I remember the U.S. DoE did some really pioneering studies in the field and produced some underappreciated experts like Thomas, Cook and Risch [5,6]. I like Risch's concepts around visualizations as formal metaphors of data. I think he's successful in defining the rigorous atomic components of visualization that you can build up from.
5 - https://ils.unc.edu/courses/2017_fall/inls641_001/books/RD_A...
6 - https://arxiv.org/pdf/0809.0884v1
One interesting artifact from all of this is that most of the research has long ago been captured and commoditized or made open source. There really isn't a market anymore for commercial visualization companies, or grant money for visualization research. D3.js [7] (and the derivatives) more or less took millions upon millions of dollars in R&D and commercial research and boiled it down into a free, open source, library that captured pretty much all of the major findings in one place. It's objectively better than anything that was on the market or in labs at the time I was in the space and it's free.
7 - https://d3js.org/
-
I had this question a few years back while working on a social network graph project and trying to render a multi-million node graph. Tried Ogma and it worked quite well but it became too slow when approaching the million. Ended up writing my own renderer in C++ and then Rust. Code here: https://github.com/zdimension/graphrust
Tested it up to 5M nodes, renders above 60fps on my laptop's iGPU and on my Pixel 7 Pro. Turns out, drawing lots of points using shaders is fast.
Though like everybody else here said you probably don't want to draw that many nodes. Create a lower LoD version of the graph and render it instead
-
GoJS, a JavaScript Library for HTML Diagrams
JavaScript diagramming library for interactive flowcharts, org charts, design tools, planning tools, visual languages.
My library (https://gojs.net) can do that easily. Give it a look, and if you think the price is acceptable for your project, contact us and we can make you a proof-of-concept.
-
Oh god I ran into this issue!

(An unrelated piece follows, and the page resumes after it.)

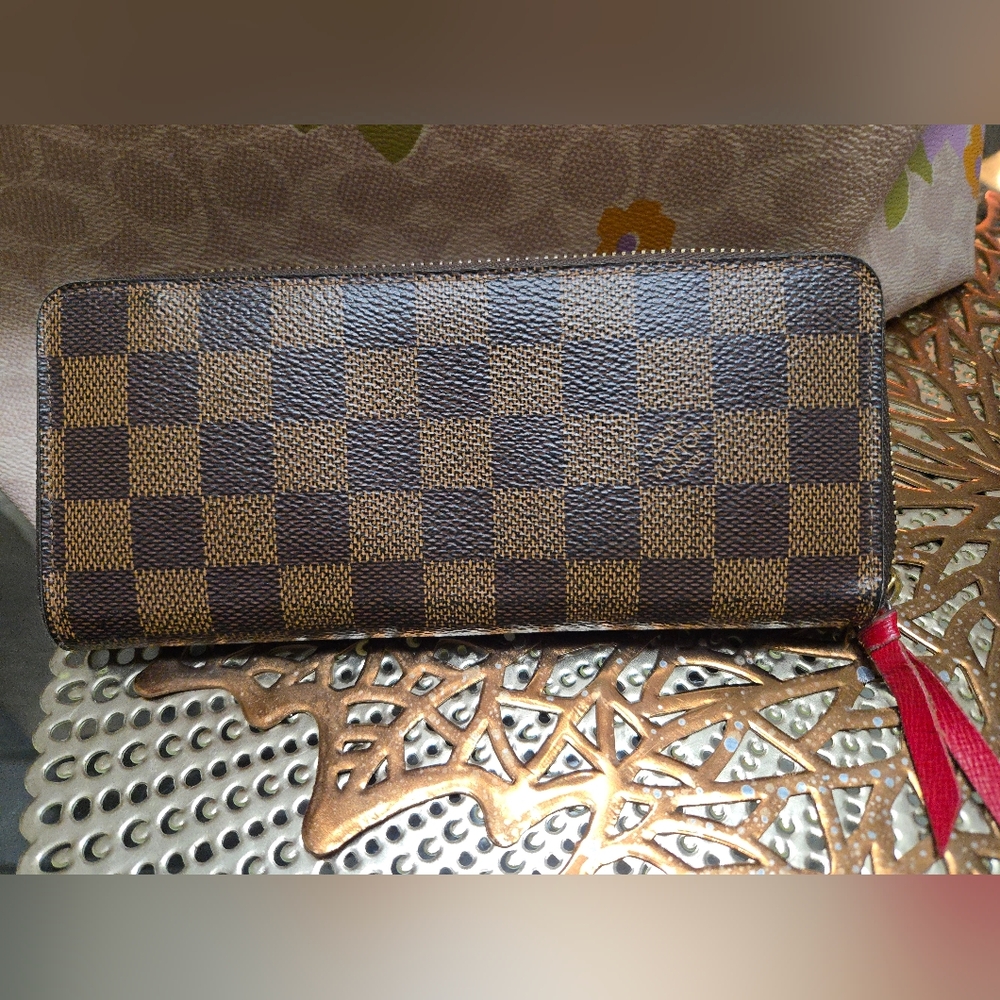Louis Vuitton Classic Brown Damiuer Wallet w COA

Fewer nodes, but still.
I created an HTML page that used vis-network to created a force-directed nodegraph. I'd then just open it up and wait for it to settle.
The initial code is here, you should be able to dump it into an LLM to explain: https://github.com/HebeHH/skyrim-alchemy/blob/master/HTMLGra...
I later used d3 to do pretty much the same thing, but with a much larger graph (still only 100,000 nodes). That was pretty fragile though, so I added an `export to svg` button so you could load the graph, wait for it to settle, and then download the full thing. This kept good quality for zooming in and out.
However my nodegraphs were both incredibly messy, with many many connections going everywhere. That meant that I couldn't find a library that could work out how to lay it out properly first time, and needed the force-directed nature to spread them out. For your case of 1 billion nodes, force-directed may not be the way to go.